__Problem requirements__:
Pictures are to be left out; every line from the one that holds "Slide: The Image" to the end of the data is to be retyped exactly.

════

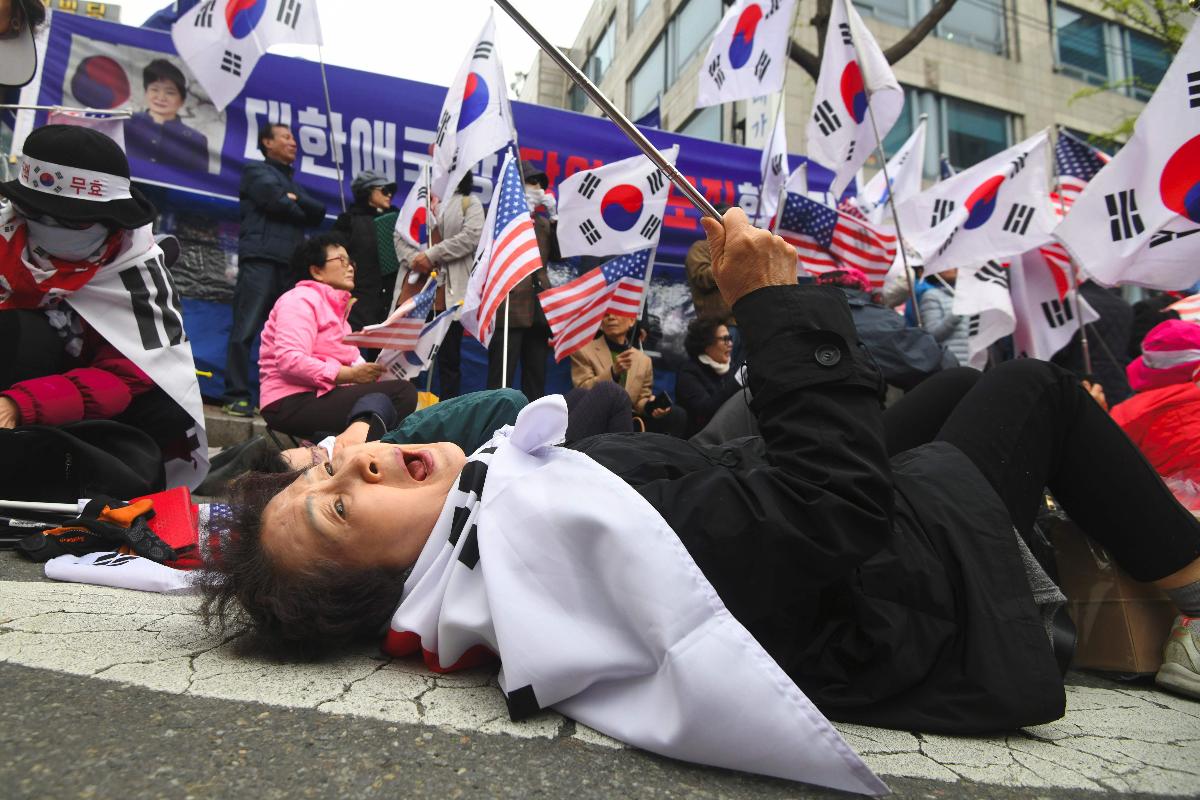 Partidária da ex-presidente da Coreia do Sul Park Geun-hye reage depois que um tribunal a condenou a 24 anos de prisão. A ex-presidente Park Geun-hye foi presa por corrupção, encerrando uma dramática queda para a primeira mulher líder do país | JUNG YEON-JE/AFP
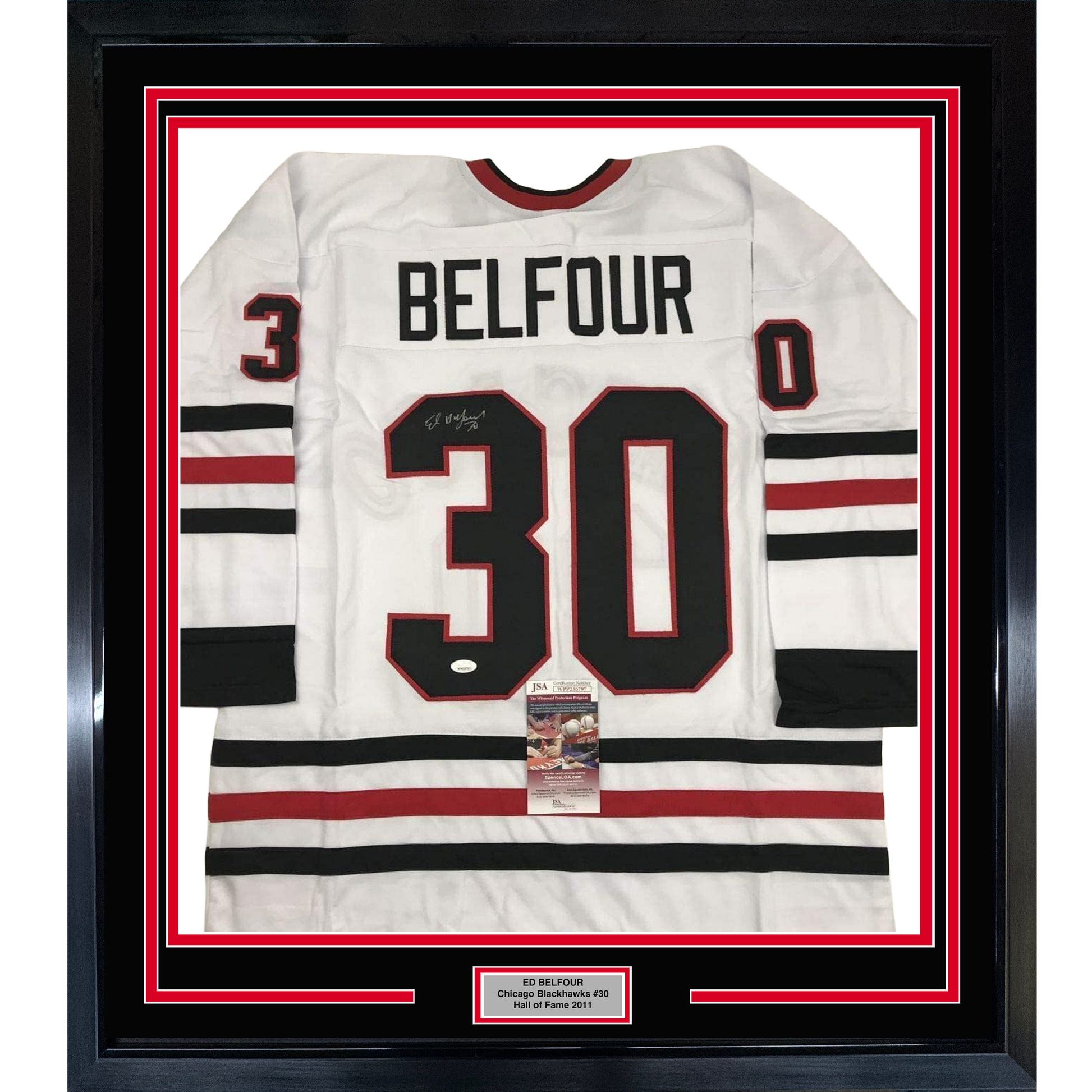 Framed white Chicago Blackhawks jersey number 30 with "BELFOUR" nameplate, red and black stripes, displayed against red and black matting with JSA authentication certificate visible.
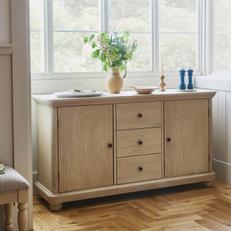 light wood sideboard with three drawers and two cupboards next to a large window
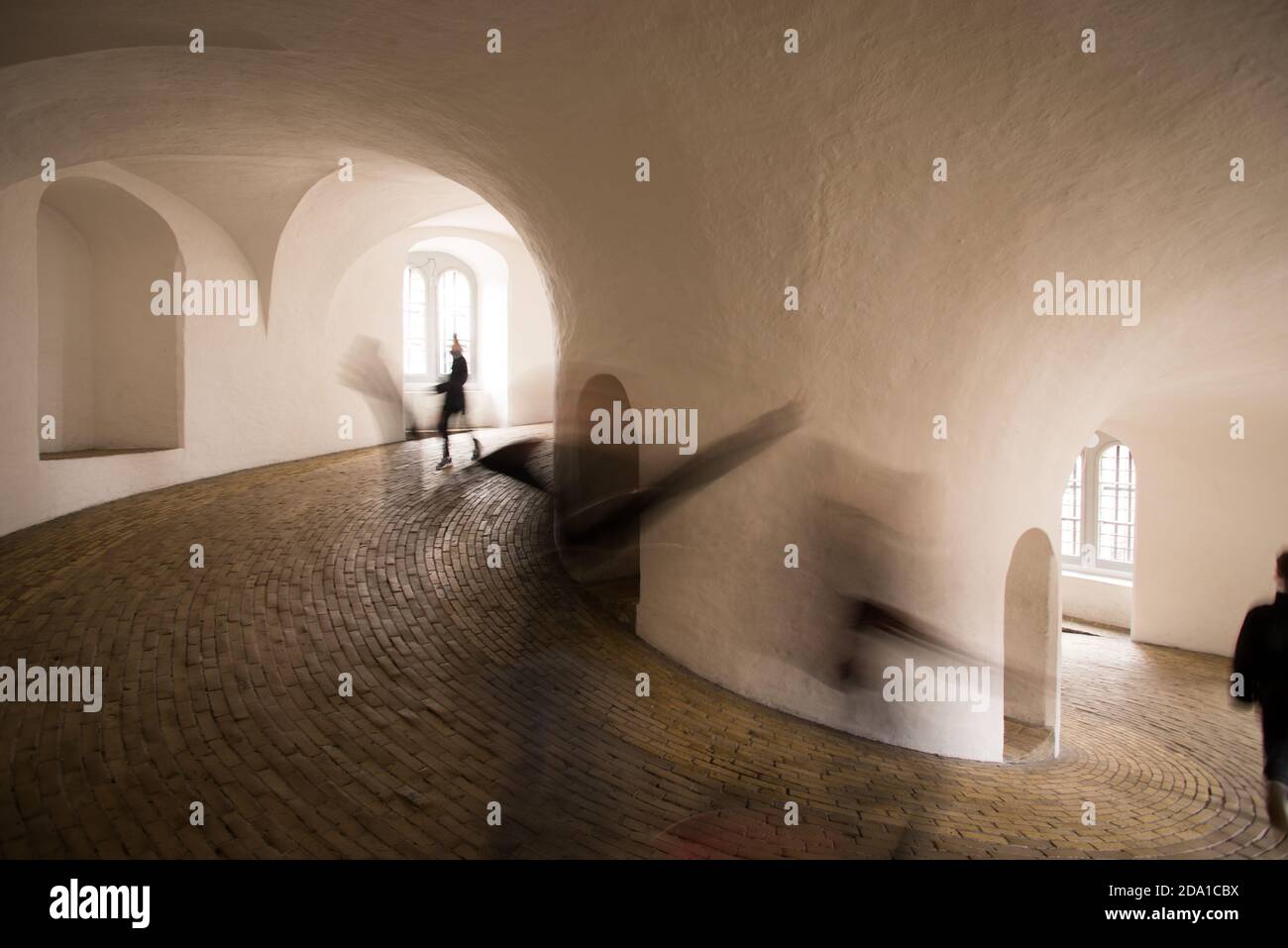 I bambini della scuola si divertono mentre corrono lungo Rundetaarn, lo storico osservatorio di Copenhagen, una grande torre rotonda situata nel centro della città. Foto Stock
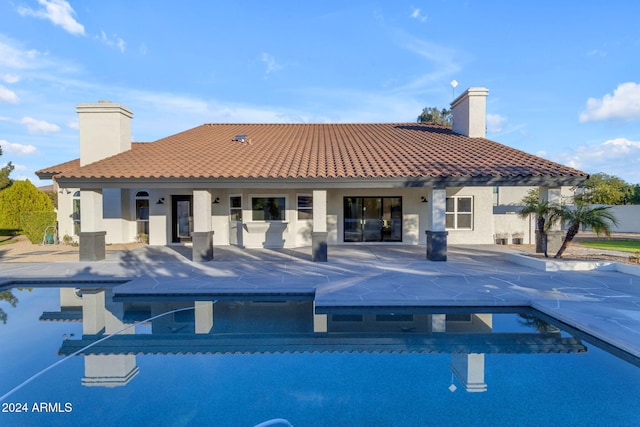 rear view of house with a patio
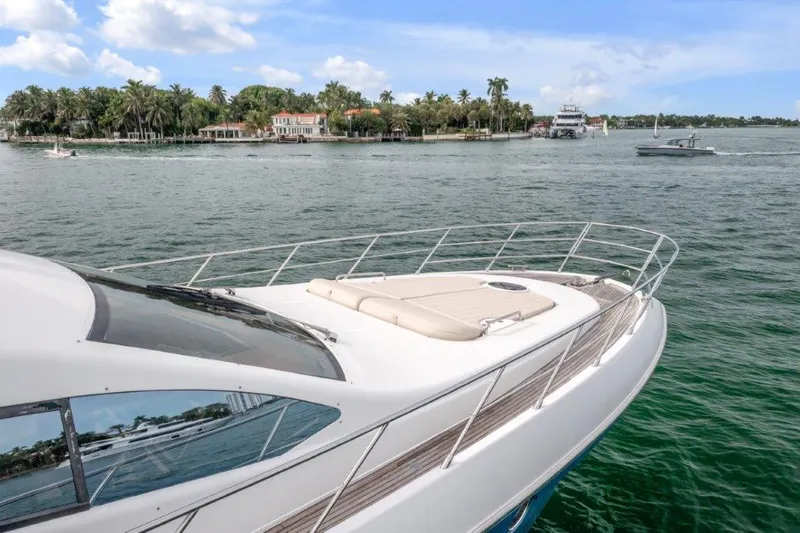 Slide: The Image of 2014 Azimut 64 Flybridge yacht cruising near a scenic shoreline. - 6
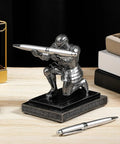 Knight Pen Holder With Two Pens And Resin Desk Organizer For Men placed on wooden desk near books and sunglasses.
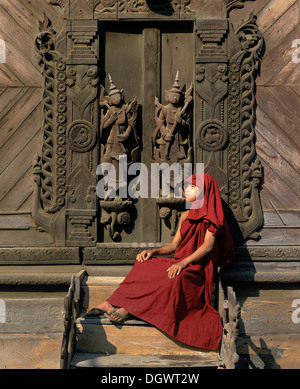 Mönch sitzt vor einer geschnitzten Teak Tür, Shwe In Bin Kyaung Kloster, Mandalay, Mandalay-Division, Myanmar, Burma Stockfoto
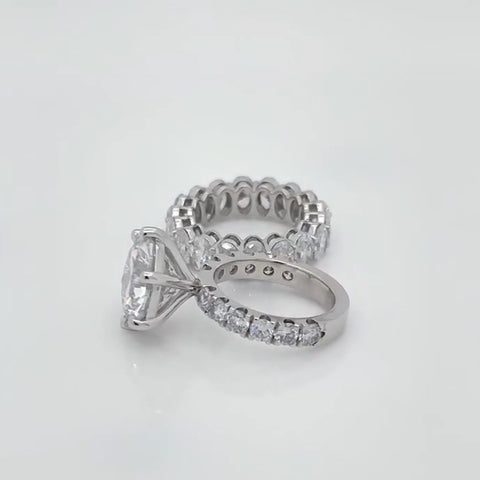 6ct Diamond Solitare With Oval Etarnity Band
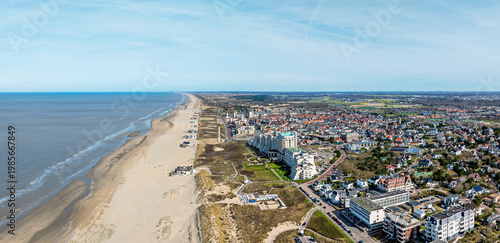 Tourist coastal resort town with sandy beach and promenade in Europe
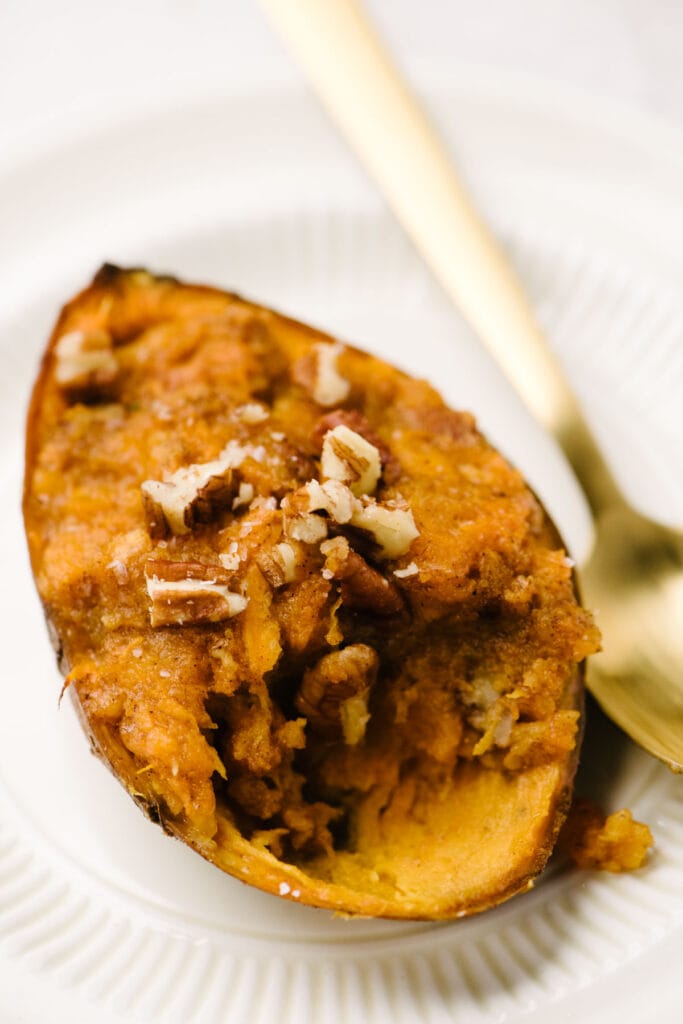 Side view, twice baked sweet potatoes with maple syrup and pecans on a small white plate with a gold spoon.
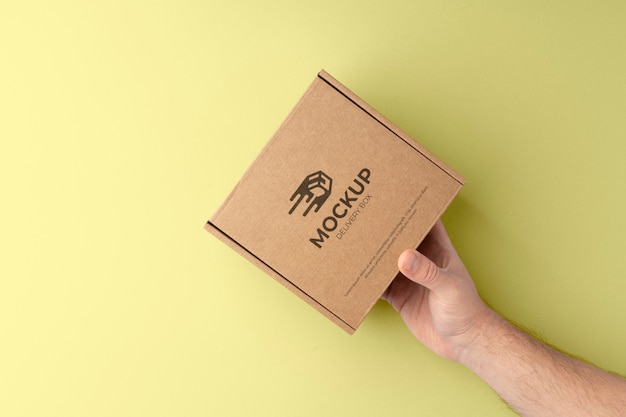 PSD hand holding delivery box flat lay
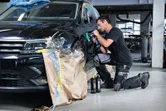 A person wearing safety equipment polishes a car door with a cordless polisher.
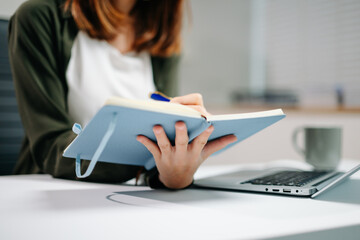 Young Asian woman in office focusing on laptop and writing in notebook. Concept of productivity,...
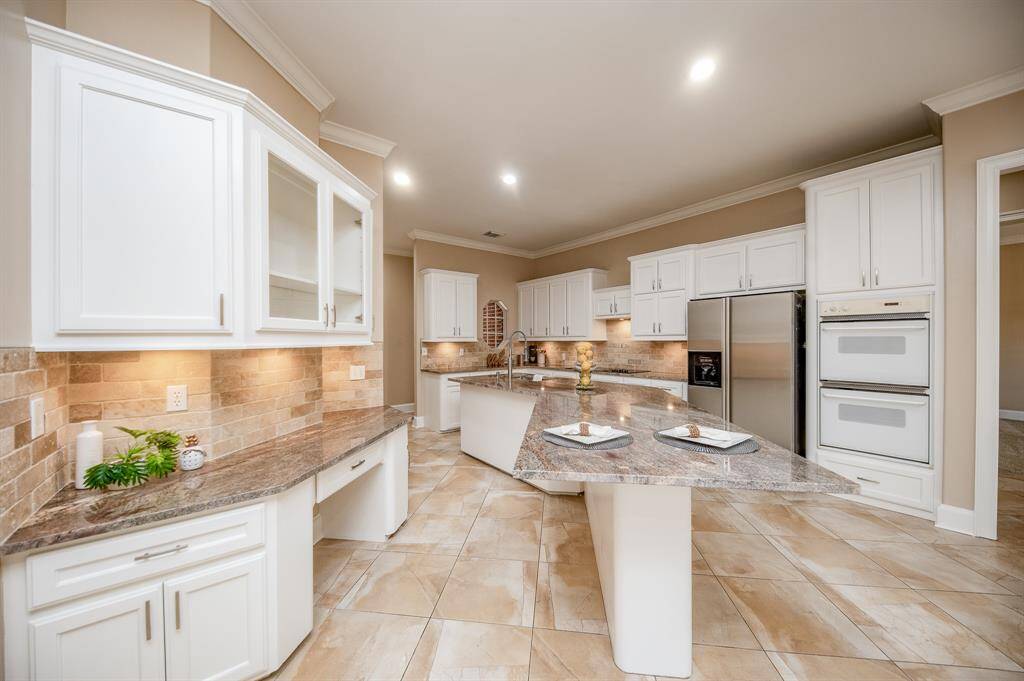 There's just something about a primarily white kitchen that warms and invites us, in any genre or style! Here, we have a streamlined version of such, with lots of cabinetry, new earth toned granite counters and room, galore!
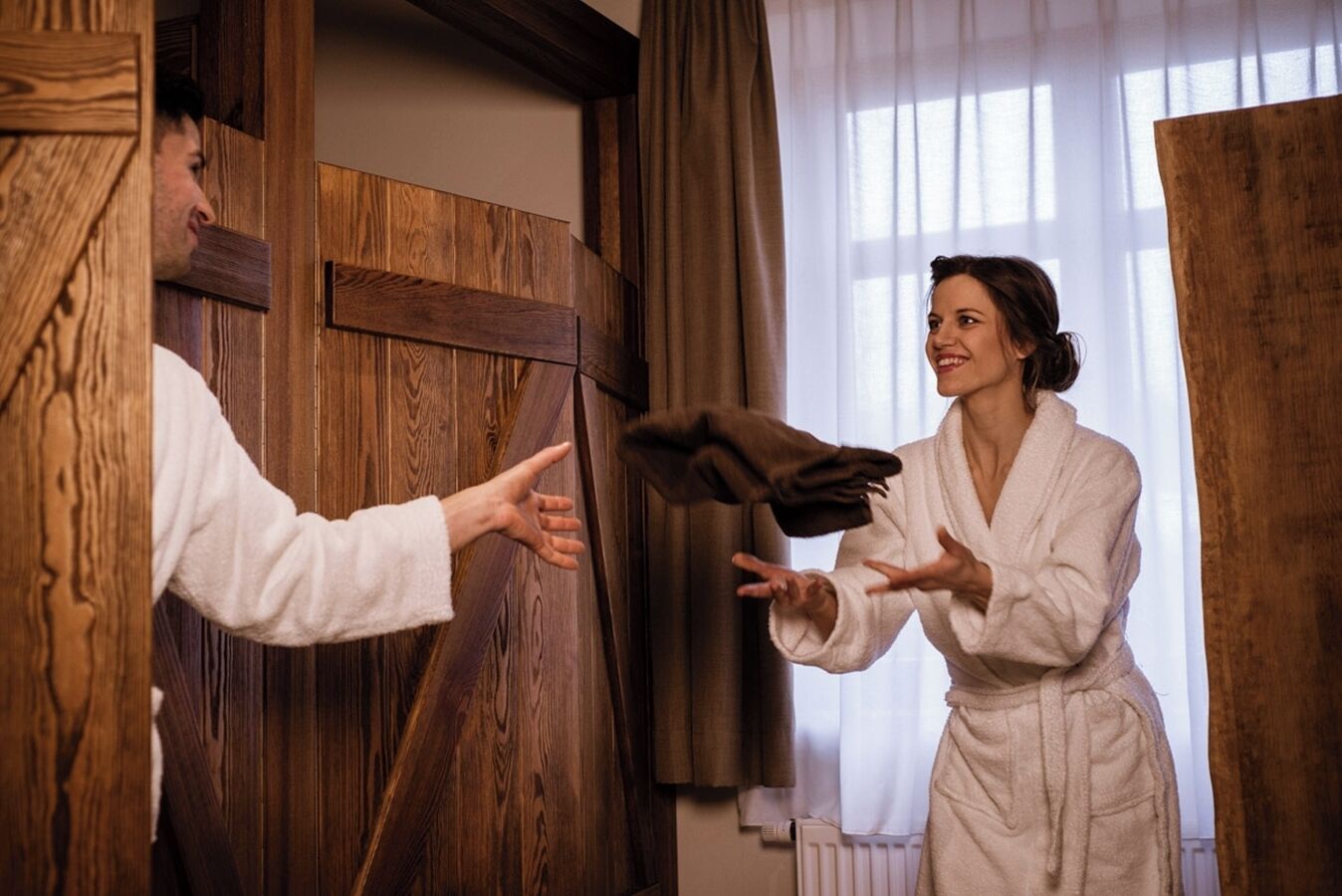 A wooden door with a person in a white robe reaching out to another person in a robe.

════

__Exercise solution__:
 Slide: The Image of 2014 Azimut 64 Flybridge yacht cruising near a scenic shoreline. - 6
 Knight Pen Holder With Two Pens And Resin Desk Organizer For Men placed on wooden desk near books and sunglasses.
 Mönch sitzt vor einer geschnitzten Teak Tür, Shwe In Bin Kyaung Kloster, Mandalay, Mandalay-Division, Myanmar, Burma Stockfoto
 6ct Diamond Solitare With Oval Etarnity Band
 Tourist coastal resort town with sandy beach and promenade in Europe
 Side view, twice baked sweet potatoes with maple syrup and pecans on a small white plate with a gold spoon.
 PSD hand holding delivery box flat lay
 A person wearing safety equipment polishes a car door with a cordless polisher.
 Young Asian woman in office focusing on laptop and writing in notebook. Concept of productivity,...
 There's just something about a primarily white kitchen that warms and invites us, in any genre or style! Here, we have a streamlined version of such, with lots of cabinetry, new earth toned granite counters and room, galore!
 A wooden door with a person in a white robe reaching out to another person in a robe.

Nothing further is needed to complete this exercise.